## Hypothesis Testing Assignment

In [1]:
#Importing necessary packages
import pandas as pd
import numpy as np
# package with hypothesis tests
import scipy.stats as st

### Data

You can download the data from [**here**](https://drive.google.com/file/d/0Bz9_0VdXvv9bUUNlUTVrMF9VcVU/view?usp=sharing&resourcekey=0-16O9Fc5eaJH99-M7AHqHOg). The data contains results of all NBA games from seasons 2013/2014 to 2015/2016.

In [2]:
df = pd.read_csv('nba_games_13_15.csv', sep=';')

In [3]:
df.head()

Unnamed: 0,SEASON_ID,TEAM_ID,TEAM_ABBREVIATION,TEAM_NAME,GAME_ID,GAME_DATE,MATCHUP,WL,MIN,PTS,...,FT_PCT,OREB,DREB,REB,AST,STL,BLK,TOV,PF,PLUS_MINUS
0,22015,1610612750,MIN,Minnesota Timberwolves,21501226,2016-04-13,MIN vs. NOP,W,240,144,...,0.826,5,38,43,41,14,8,13,20,35.0
1,22015,1610612749,MIL,Milwaukee Bucks,21501225,2016-04-13,MIL vs. IND,L,240,92,...,0.846,7,36,43,23,8,3,15,15,-5.0
2,22015,1610612738,BOS,Boston Celtics,21501217,2016-04-13,BOS vs. MIA,W,240,98,...,0.864,10,29,39,20,7,3,7,20,10.0
3,22015,1610612747,LAL,Los Angeles Lakers,21501228,2016-04-13,LAL vs. UTA,W,239,101,...,0.867,8,39,47,19,6,3,13,17,5.0
4,22015,1610612739,CLE,Cleveland Cavaliers,21501220,2016-04-13,CLE vs. DET,L,265,110,...,0.733,8,35,43,21,4,7,10,23,-2.0


In [4]:
df.columns

Index(['SEASON_ID', 'TEAM_ID', 'TEAM_ABBREVIATION', 'TEAM_NAME', 'GAME_ID',
       'GAME_DATE', 'MATCHUP', 'WL', 'MIN', 'PTS', 'FGM', 'FGA', 'FG_PCT',
       'FG3M', 'FG3A', 'FG3_PCT', 'FTM', 'FTA', 'FT_PCT', 'OREB', 'DREB',
       'REB', 'AST', 'STL', 'BLK', 'TOV', 'PF', 'PLUS_MINUS'],
      dtype='object')

--------------
### Task 1
Split the data into **3** separate dataframes for each NBA season!

In [4]:
# Split the DataFrame based on 'SEASON_ID'
df_2013 = df[df['SEASON_ID'] == 22013]
df_2014 = df[df['SEASON_ID'] == 22014]
df_2015 = df[df['SEASON_ID'] == 22015]

---------------
### Task 2
Test the hypothesis that the offensive productions stats of the Cleveland Cavaliers and Golden State Warriors (the teams that met in the finals that year) were from the same distribution in the 2015/2016 season.

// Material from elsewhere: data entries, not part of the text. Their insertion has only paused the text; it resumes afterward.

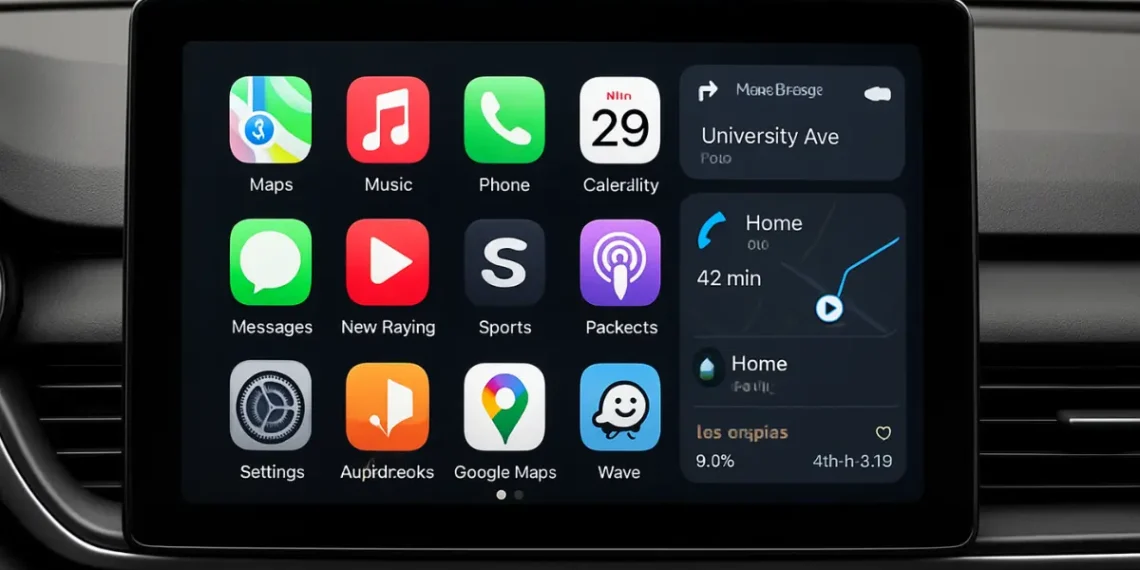 صورة تعبيرية لعرض المميزات الجديدة في CarPlay مع تحديث iOS 18.4 من آبل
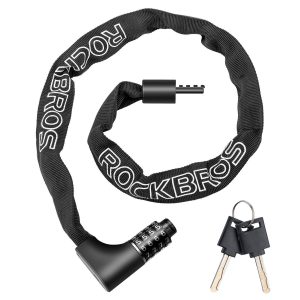 Kombinationslås med 4-siffrig kod, 96 cm långt, ROCKBROS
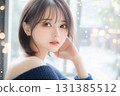Beauty material with a beautiful background of young women and bokeh 131385512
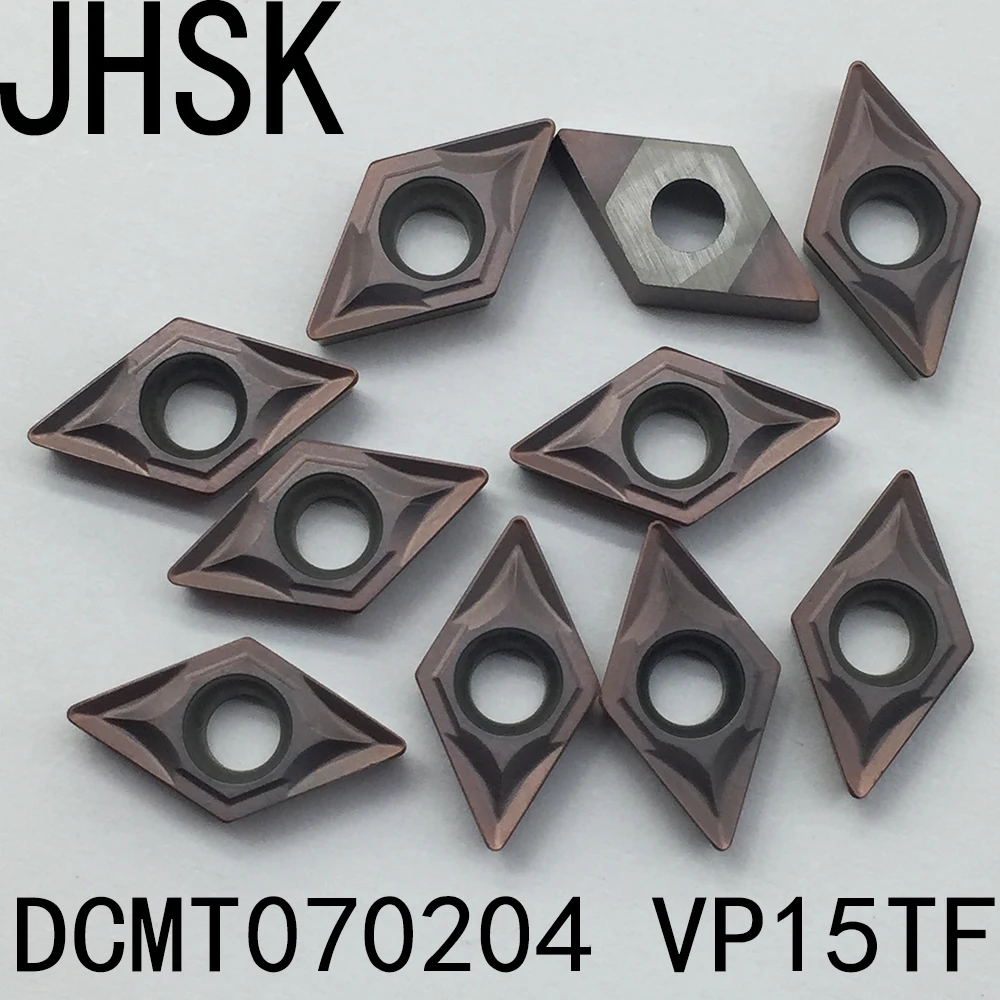 

10pcs DCMT070204 DCMT21.51 VP15TF Internal Turning Tools Carbide inserts Cutting Tool CNC Tools Lathe tools Lathe cutter blade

Offensive production refers to two variables: **PTS (Points)** and **FG_PCT (Field Goal Percentage)**. We will need to do two separate hypothesis tests, one for each variable.

- Null Hypothesis (H0): The offensive production stats (PTS and FG_PCT) of the Cleveland Cavaliers and Golden State Warriors come from the same distribution in the 2015 season.
- Alternative Hypothesis (H1): The offensive production stats (PTS and FG_PCT) of the Cleveland Cavaliers and Golden State Warriors do not come from the same distribution in the 2015 season.

In [7]:
from scipy.stats import mannwhitneyu

# Filter data for the two teams
cavs = df_2015[df_2015['TEAM_NAME'] == 'Cleveland Cavaliers']
warriors = df_2015[df_2015['TEAM_NAME'] == 'Golden State Warriors']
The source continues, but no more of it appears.